Prognostic Value of the Age-Adjusted Charlson Comorbidity Index (ACCI) on Short- and Long-Term Outcome in Patients with Advanced Primary Epithelial Ovarian Cancer
We evaluated the prognostic impact of the age-adjusted Charlson Comorbidity Index (ACCI) on both postoperative morbidity and overall survival (OS) in patients with advanced epithelial ovarian cancer (EOC) treated at a tertiary gynecologic cancer center.
Patients and Methods
Exploratory analysis of our prospectively documented tumor registry was performed.
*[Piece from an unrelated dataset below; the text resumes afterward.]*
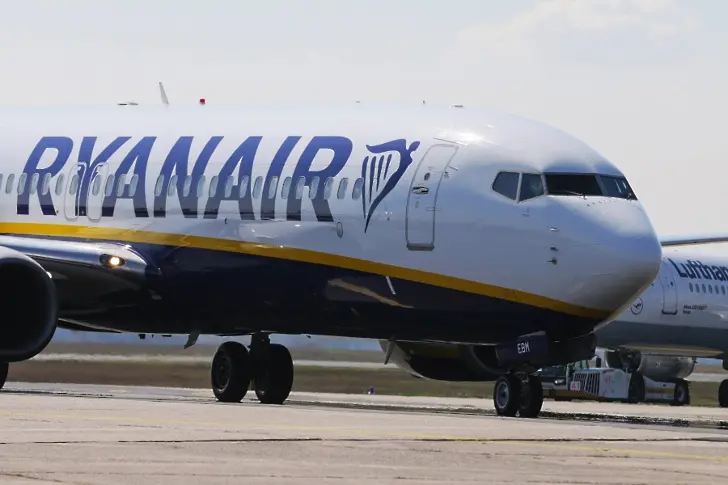 Ryanair продължава да отменя полети - до март 2018 г.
Data of all consecutive patients with stage IIIB–IV ovarian cancer who underwent primary cytoreductive surgery (PDS) from January 2000 to June 2016 were analyzed. Patients were divided into three groups, based on their ACCI: low (0–1), intermediate (2–3), and high (≥4), and postoperative surgical complications were graded according to the Clavien–Dindo classification (CDC). The Fisher’s exact test, log-rank test, and Cox regression models were used to investigate the predictive value of the ACCI on postoperative complications and OS.
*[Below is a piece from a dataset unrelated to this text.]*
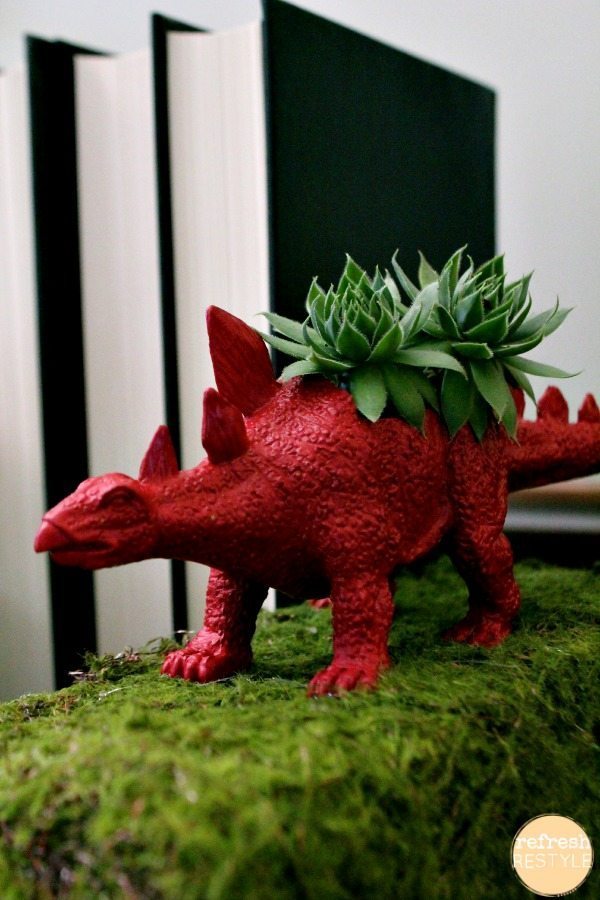 dino bookends with succulents #diyproject #succulents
Overall, 793 consecutive patients were identified; 328 (41.4%) patients were categorized as low ACCI, 342 (43.1%) as intermediate ACCI, and 123 (15.5%) as high ACCI. A high ACCI was significantly associated with severe postoperative complications (CDC 3–5; odds ratio 3.27, 95% confidence interval 1.97–5.43, p < 0.001). Median OS for patients with a low, intermediate, or high ACCI was 50, 40, and 23 months, respectively (p < 0.001), and the ACCI remained a significant prognostic factor for OS in multivariate analysis (p = 0.001). The same impact was observed in a sensitivity analysis including only those patients with complete tumor resection.
The ACCI is associated with perioperative morbidity in patients undergoing PDS for EOC, and also has a prognostic impact on OS. The potential role of the ACCI as a selection criteria for different therapy strategies is currently under investigation in the ongoing, prospective, multicenter AGO-OVAR 19 trial.